The second half of the recital was replete with bhajans in praise of different gods and goddesses of the Hindu belief. ‘Gopalaka Pahimam’, a beautiful composition by Maharaja Swathi Thirunal, narrated different stories in the life of Krishna. ‘Om Greem Hreem Shreem…’, a composition in Ragamalika was in praise of the female forms of divinity – powerful Durga, fierce Kali, and humanity’s guardian Annapoorneshwari. In the form of Ardhanareeshwara – half woman and half man – it also depicted the world’s duality in unity. Madhumita did full justice to the intricate jathis in different rhythmic cycles (Taalamalika) of the accompanying song. Saint Purandarasa’s Kannada composition ‘Gummana Kareyadire…’ was another item in which Madhumita brought to the stage prankster Krishna, the heartthrob of the Gopis (cow herding girls), who empowered and defeated venomous serpent Kaliya. Madhumita’s sister Nilanjana joining at the end of this item as Yashoda was a nice twist.
The famous Thillana ‘Tham Tha Naam…’ in Ragam Bhoopalam composed by Padma Vibhushan Dr. M. Balamuralikrishna was the final item of Madhumita’s Arangetram. In praise of Padmanabhaswami, this Thillana included a variety of rhythmic compositions with a musical dialogue among the dancer, the Mridangam, and the Nattuvangam. The Arangetram ended with a prayer in praise of god Ayyappa.

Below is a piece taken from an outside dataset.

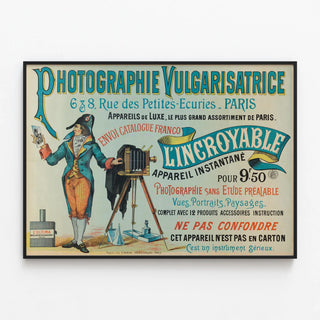 Vintage Poster Photography Vulgarizer Old Camera — framed artwork on a wall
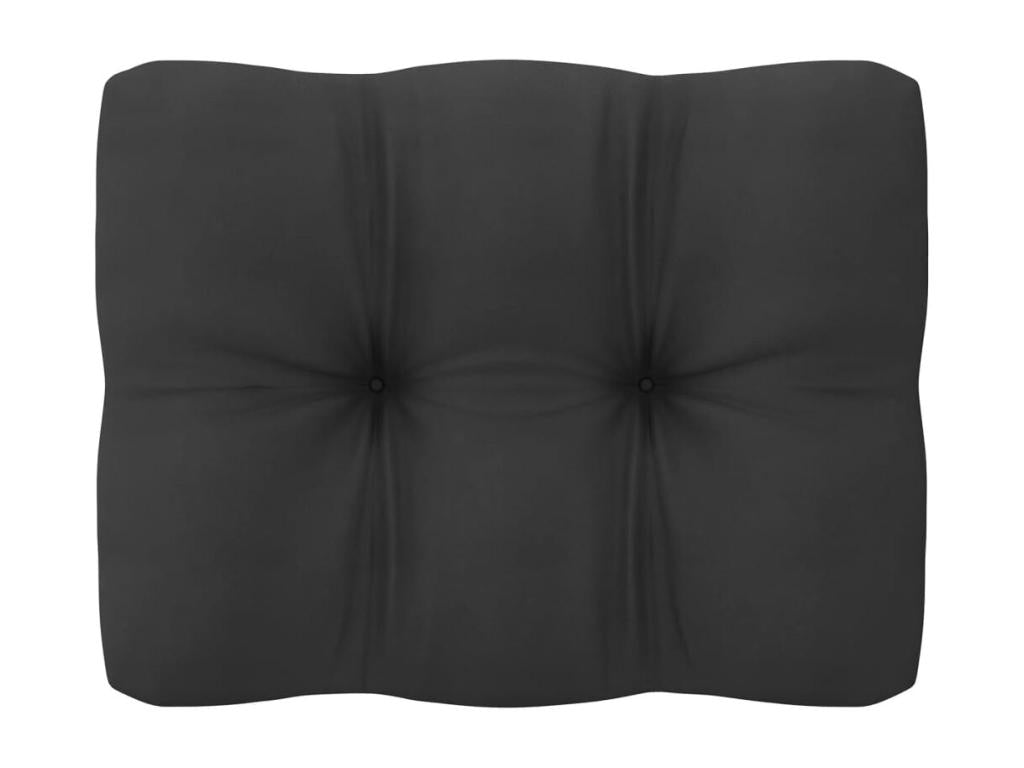 12-piece garden furniture set with cushions, black, solid pine wood, FHZD31635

The arduous training that Guru Sapna Krishnan imparts on each of her students was quite evident throughout the entire evening. Madhumita was as energetic until this last item as she was at the beginning of the recital. Sudevji’s rich and deep voice spanning more than three octaves with ease made the lyrics of each song come to life. With his mellifluous flute Sri. Ramani Thiagarajan was able to produce sounds of conch, too. Thiagarajan also displayed his mastery on Khanjira during his Jugalbandi with Sri. K. S. Sudhaman’s Mridangam. Furthermore, it was pleasant to hear him play violin during his accompaniment of Nilanjana Nambiar’s vocal recital. With his vibrant fingers producing a plethora of beats on Mridangam, Sudhaman frequently involved the audience throughout the course of his phenomenal Mridangam exhibition. The Master of Ceremony Smt. Anitha Shivaram effectively narrated each item for the audience. The artists behind the stage; Ms. Niveda Baskaran, herself an extraordinary Bharatanatyam dancer, and Smt. Janaki Baskaran maintained Madhumita’s fresh appearance with beautiful make-up.
This Arangetram truly tested Madhumita’s skills in all the three aspects of Bharatanatyam – Nritta, Nritya, and Natya. Madhumita has really made the Nambiar family, especially her Guru and mother Sapna Krishnan, more proud.